Discoveries
In Good Hands
Dec 27, 2019 Antonio Gonzalez
Neurosurgeon, Department of Neurosurgery
Spine specialist, furniture designer, pianist
Tiffany Perry has the world at her fingertips. Neurosurgeon by day, furniture designer by night and classically trained pianist at heart, Perry is the ultimate hands-on expert. “I may be small, but I’m strong,” she says. “When you use your hands as much as I do, you get very strong.”
Abstract Thinking
Perry’s prolific dexterity developed at an early age, when she began painting with watercolors. She rediscovered art while practicing medicine, sketching spines and surgical techniques to explain complex procedures to patients. Now, her passion project is designing home furniture, including tables, chairs and even a cabana for her backyard.
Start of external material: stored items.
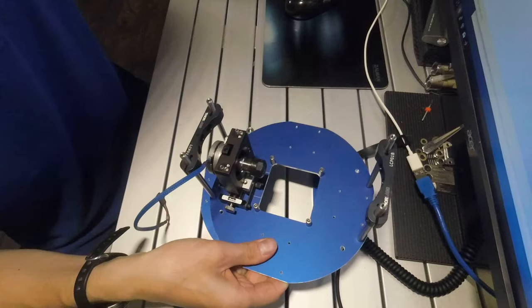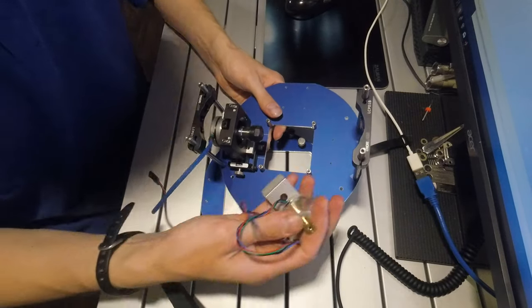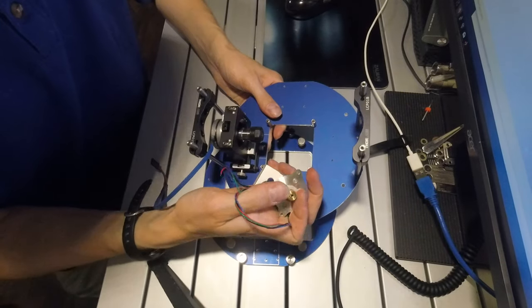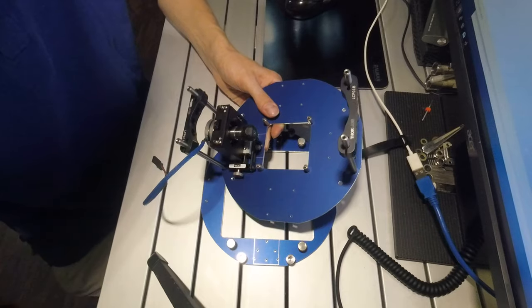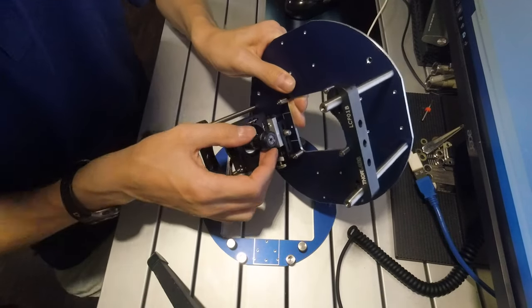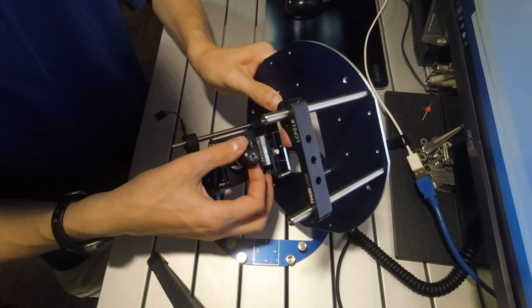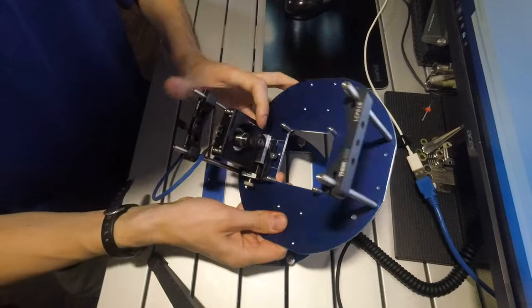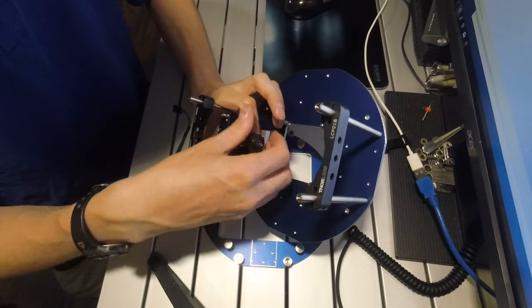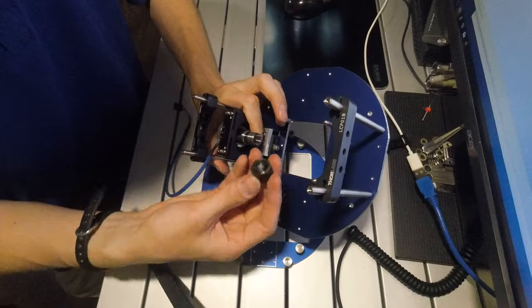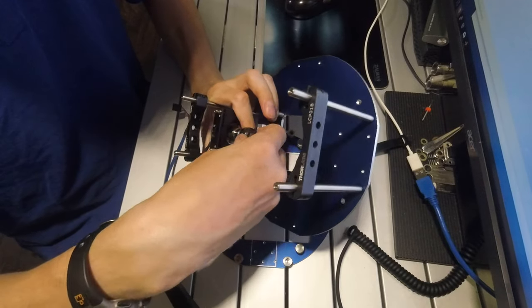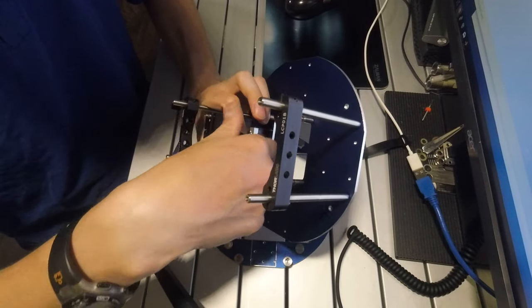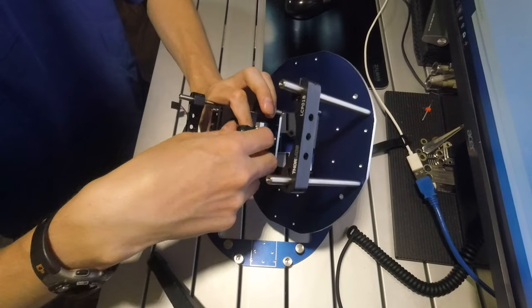And instead of just having a set screw like on the old stepper motor mount this now has an ER11 collet system. Right now it's outfitted with an eighth inch collet but the collets are removable so this gives you better flexibility in mounting different sample sizes.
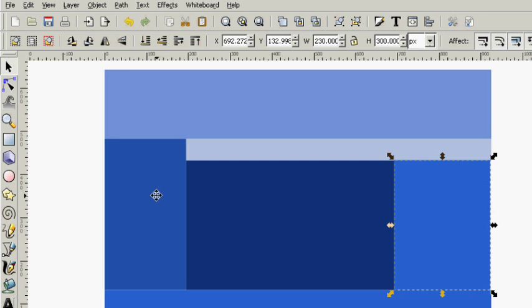We won't be covering any web development until way later as far as actual HTML encoding. But for now, you should know that this is how it's done with Inkscape as far as getting things set up. I really do hope that you have enjoyed this video. If you didn't understand any part, I hope you will go back and review it. Thanks so much for watching.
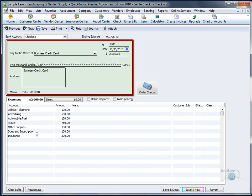You can only do this, and I'm repeating, if you're paying the check off every single month. Otherwise, you will never be able to match your statement.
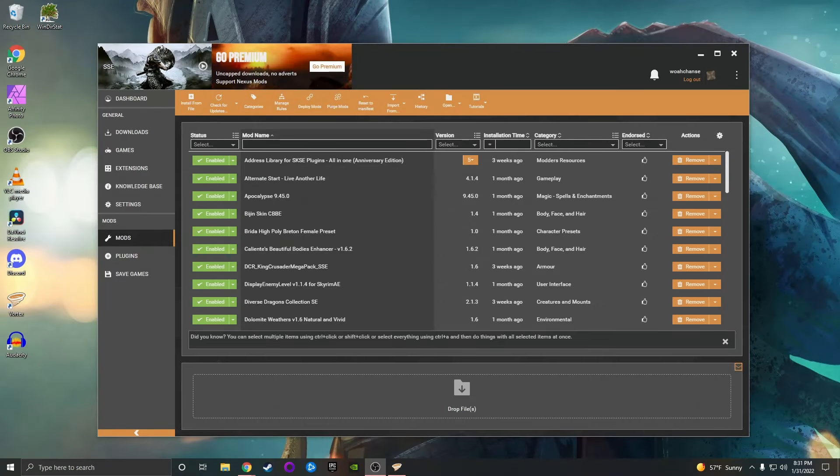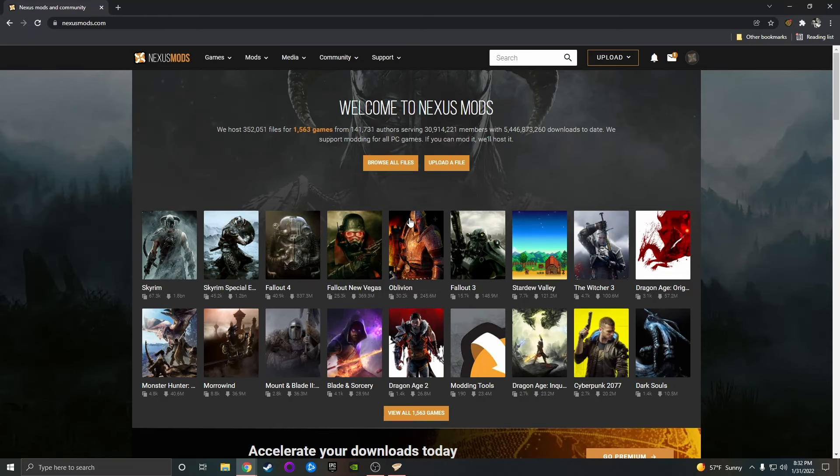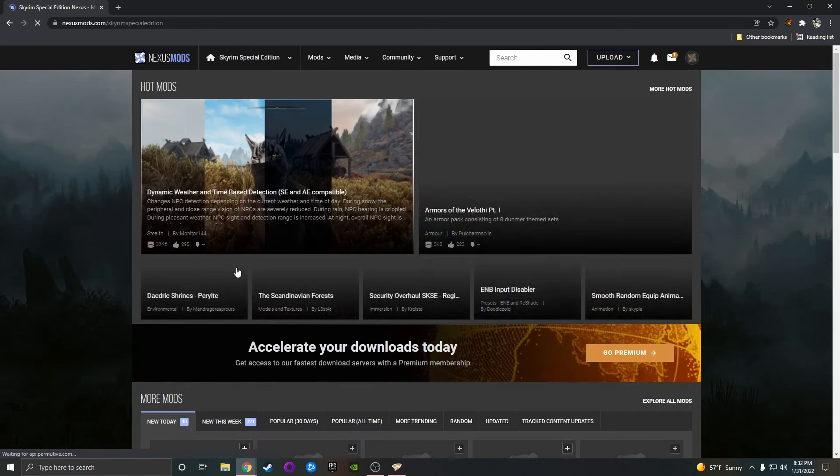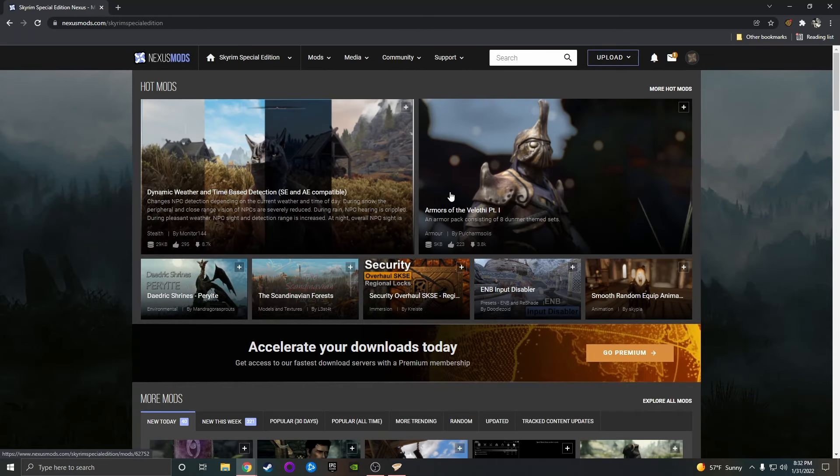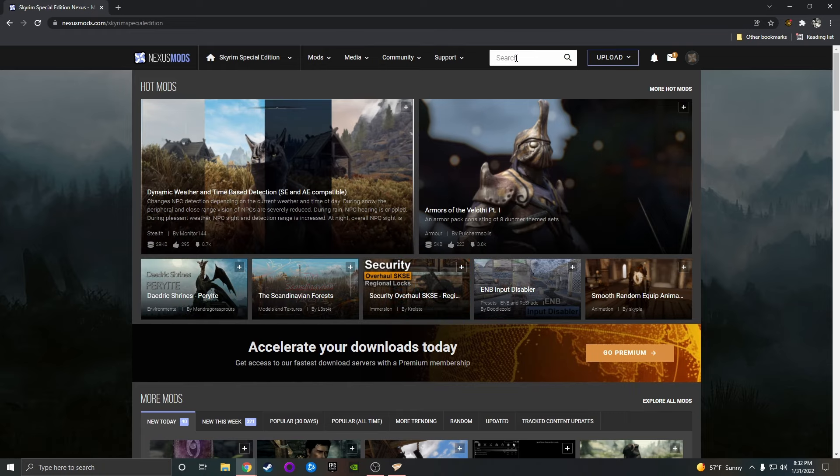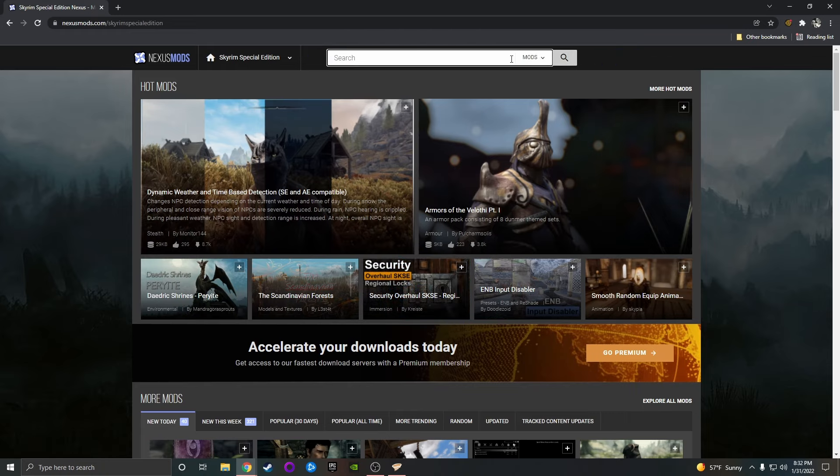First, let's make sure Vortex is open on your desktop, and then go to nexusmods.com. Select Skyrim Special Edition. Yes, select the Special Edition even if you have the Anniversary Edition. With mods, it's best to think of the Anniversary Edition as more of a DLC than a complete new version of the game.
She loves to merge glass with wood and metal in her designs and often takes an unorthodox approach to shapes and sizes. “I’m a person of symmetry in the operating room and I’m very obsessive, but in decor I don’t like everything to be perfectly symmetrical. I like things to be slightly different,” she says.
Off Script
Perry took an unconventional route to medicine. She started playing piano at age 3 and initially majored in music at Elon University in North Carolina, enrolling in biology classes for fun. While studying in London, she became concerned about a career as a pianist. “I met a lot of people who were very talented and struggling to make ends meet,” she says. With encouragement from her biology professors, Perry took the MCAT to keep her options open. Before she knew it, she was attending medical school at the University of North Carolina at Chapel Hill. “I had no plans for what I was going to do with my life,” she says. “I was just interested in everything and willing to follow whatever doors were open.”
Creating Opportunities
The first time Perry stepped into the operating room while shadowing a neurosurgeon, “I was in love. I was hooked,” she says. “And it was the most basic procedure—a shunt. I thought it was the coolest thing ever.” Perry loved how she could not only diagnose and prescribe treatments but also actually fix someone in surgery. She became the first female neurosurgeon on staff when she joined Cedars-Sinai. Now she mentors women considering a career in her field, where women have been underrepresented. “I tell all of my mentees, ‘Whatever you decide to do, make sure you are passionate about it. And whatever it is that you do, take that skill and share it with somebody else,’” she says.
Staying in Tune
Perry still plays piano regularly at home with her 11-year-old daughter. And music is an integral part of her day job, too. “Anybody who knows me knows the first thing I do when I walk into the OR is put my music on,” she says. “Most patients when they roll into the room, they hear my music. And if they have special requests, we take them.”